Exercise brief: Starting with the line that contains "Helles Wohnzimmer der" and ending with the last line of the entries, repeat exactly those lines and nothing else, pictures excluded.

------

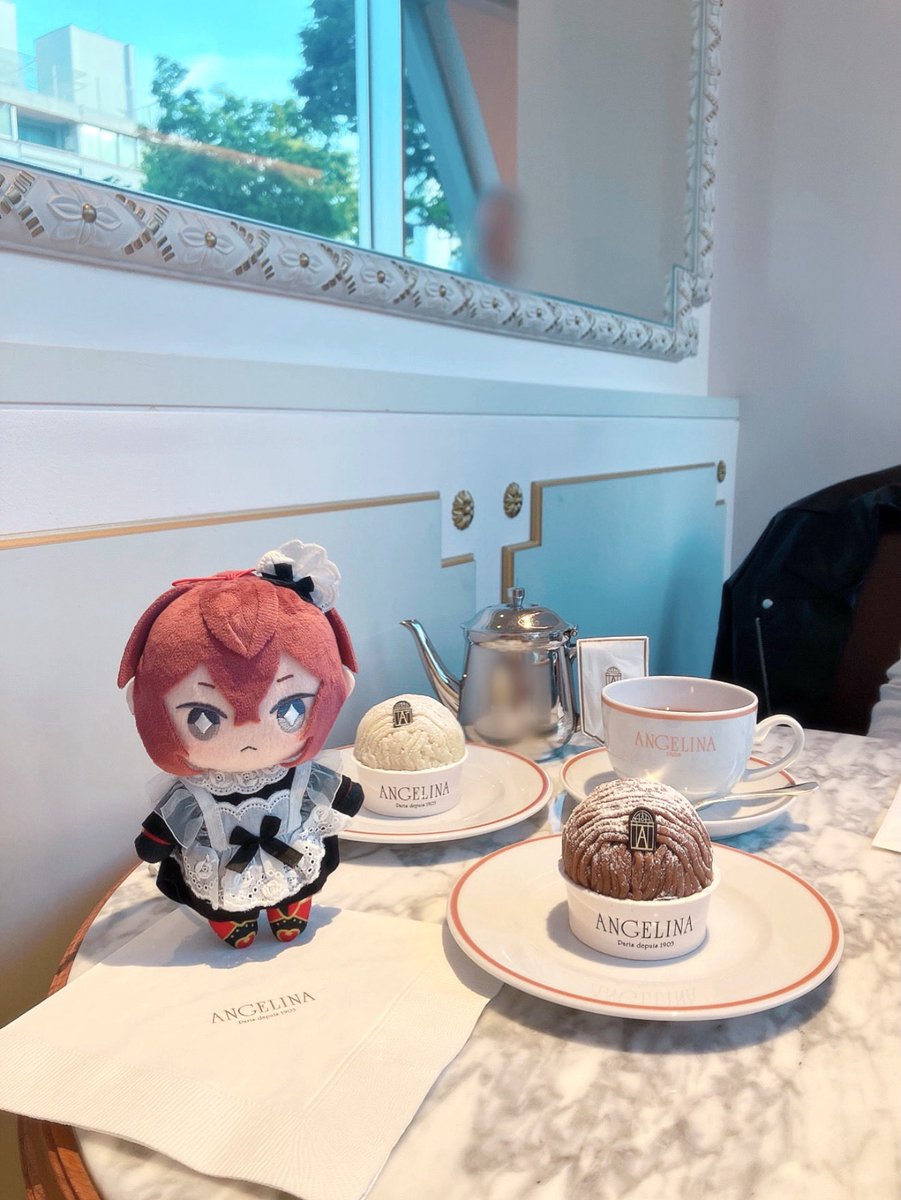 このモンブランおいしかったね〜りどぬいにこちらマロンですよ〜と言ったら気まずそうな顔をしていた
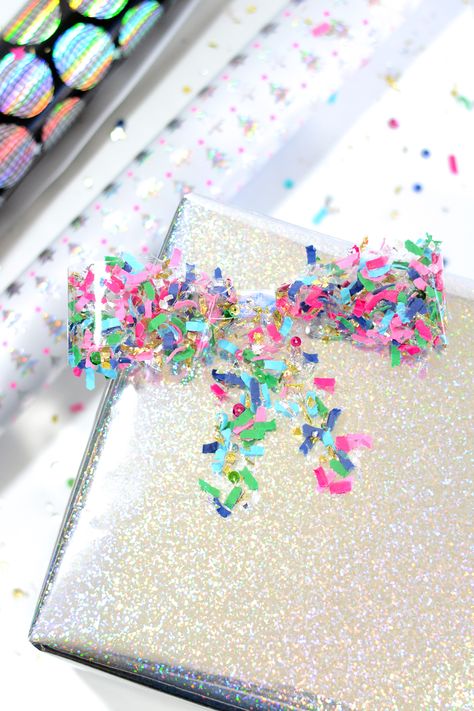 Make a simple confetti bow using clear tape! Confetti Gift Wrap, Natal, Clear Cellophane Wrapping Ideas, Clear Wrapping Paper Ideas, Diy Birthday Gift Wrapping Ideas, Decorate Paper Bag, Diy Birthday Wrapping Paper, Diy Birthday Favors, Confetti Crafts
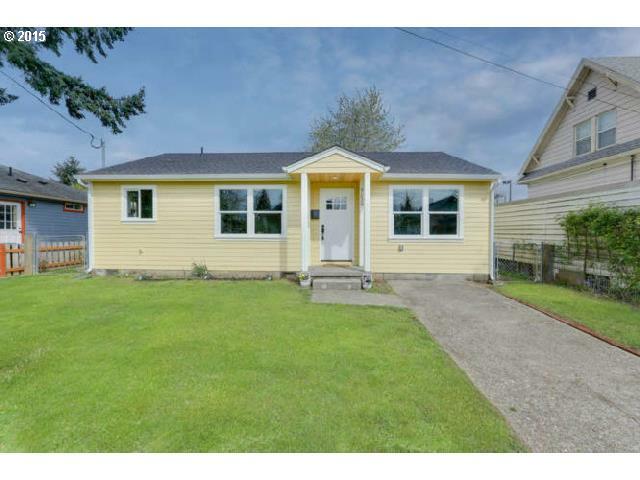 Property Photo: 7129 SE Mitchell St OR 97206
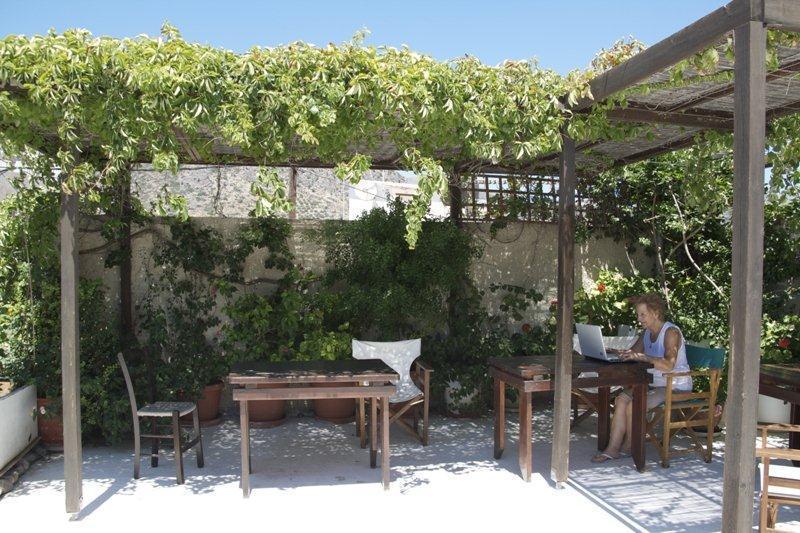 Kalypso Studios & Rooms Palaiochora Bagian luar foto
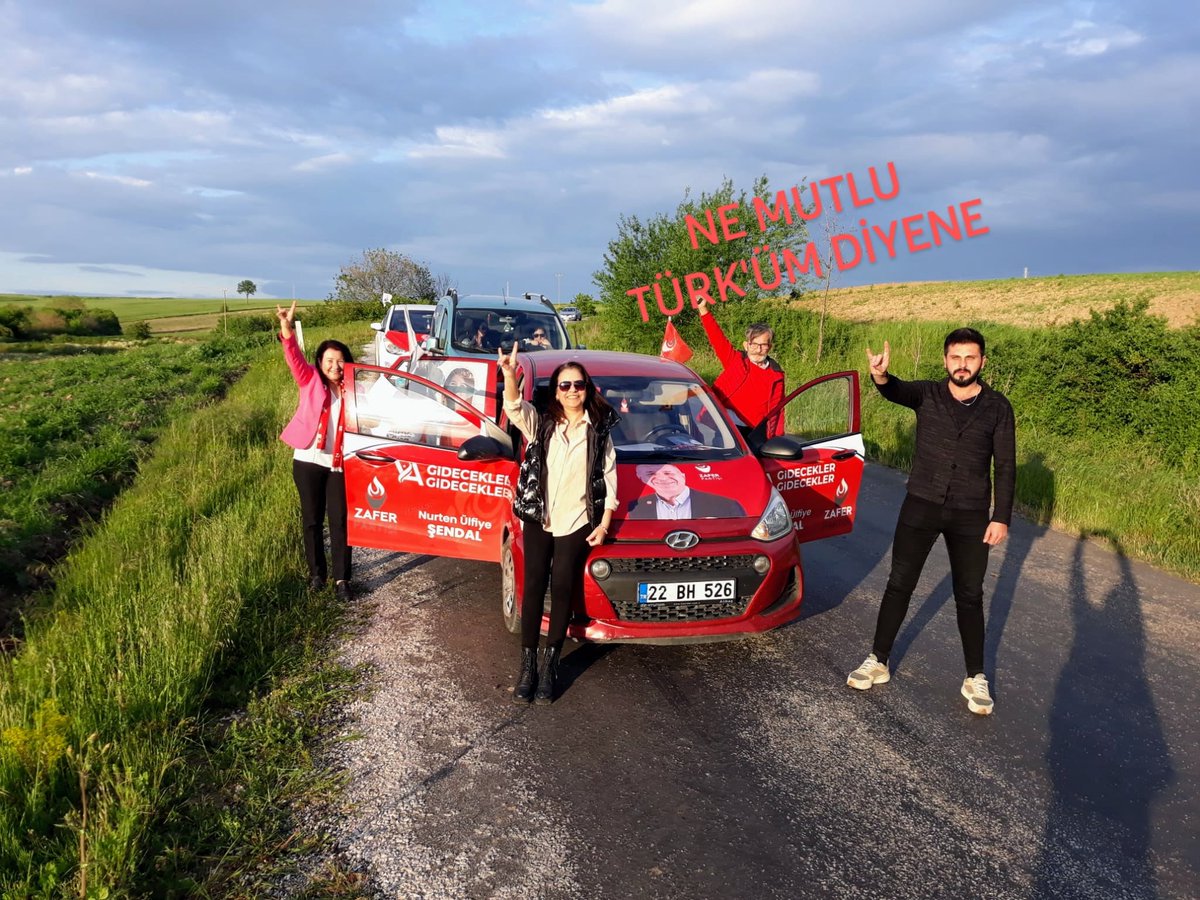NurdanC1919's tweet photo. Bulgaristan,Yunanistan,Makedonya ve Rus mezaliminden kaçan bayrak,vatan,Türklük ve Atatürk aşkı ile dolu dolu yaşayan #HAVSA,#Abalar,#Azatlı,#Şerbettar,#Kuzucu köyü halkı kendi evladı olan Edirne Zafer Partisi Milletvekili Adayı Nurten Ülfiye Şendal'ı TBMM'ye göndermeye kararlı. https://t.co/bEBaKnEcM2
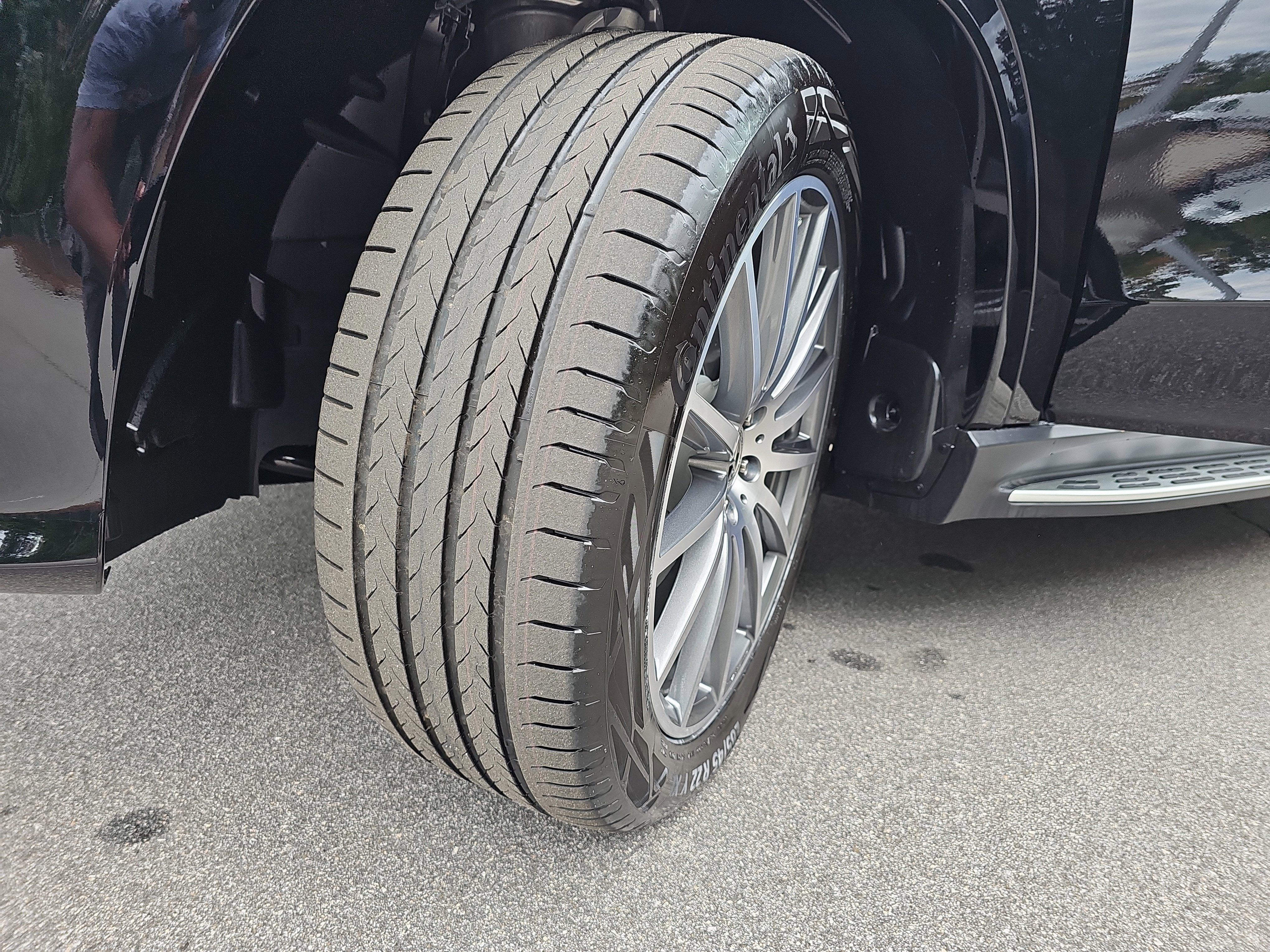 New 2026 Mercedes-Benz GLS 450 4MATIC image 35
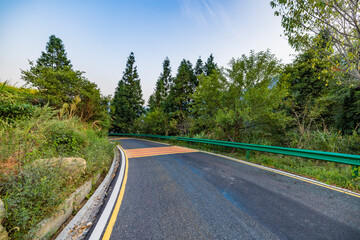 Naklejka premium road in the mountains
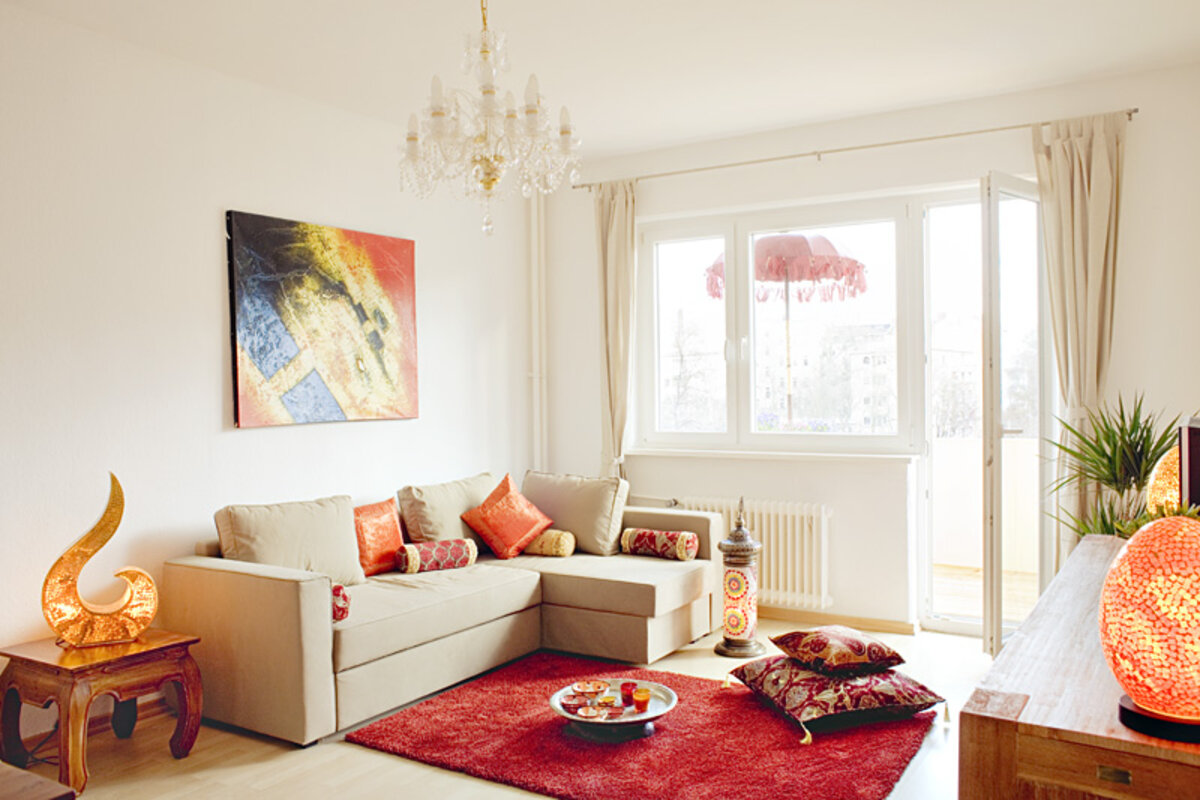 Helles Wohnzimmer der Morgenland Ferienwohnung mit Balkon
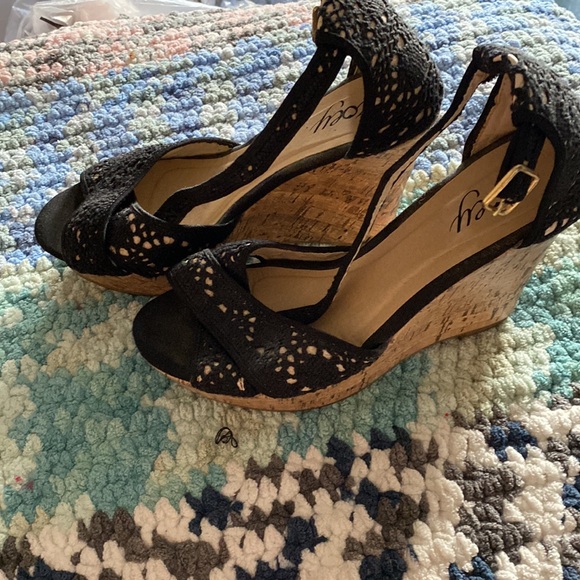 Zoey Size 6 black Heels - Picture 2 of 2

------

Response area:
 Helles Wohnzimmer der Morgenland Ferienwohnung mit Balkon
 Zoey Size 6 black Heels - Picture 2 of 2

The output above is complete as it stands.